Mohamed Benhadj considère que sa vision artistique est sans frontières. Différentes expressions ses chevauchent et se complètent. Ce tout va être baptisé Al-Tiba9 .
« J’ai organisé en 2013 la première exposition Al-Tiba9 à Alger. Lors de cette exposition j’ai projeté le film de mes deux performances. Aujourd’hui la performance fait grandement partie de mon travail artistique. EN 2015, j’étais finaliste en section Performance Art avec mon travail ‘‘God will know his Own ». J’ai fais ma performance en direct à l’Arsenal de Venise».
Ce qui fait de ce jeune homme le seul artiste algérien finaliste du Grand Prix Arte Laguna Prize.
En 2021, il lance « Al-Tiba9 Art Gallery », une galerie virtuelle qui vient couronner ces dix années de travail. » Al-Tiba9 a aujourd’hui sa place dans le monde de l’art. Ces dernières années, j’ai fais en sorte d’être présent aux différentes foires et autres évènements de l’art. En lançant ma galerie c’était le moment pour moi de faire valoir mon carnet d’adresses.
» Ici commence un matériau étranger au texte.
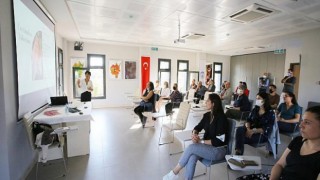 Efes Tarlası Yaşam Köyü’nde Doğal Beslenme Anlatıldı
La prochaine étape sera de lancer une version physique de la galerie », dit-il.
Mohamed Benhadj aspire à réaliser d’autres projets en collaboration avec des artistes Algériens et étrangers. Il souhaite faire de Al-Tiba9 un pôle d’art contemporain en Afrique du Nord offrant au monde une expérience unique de créativité, de possibilité et de croissance.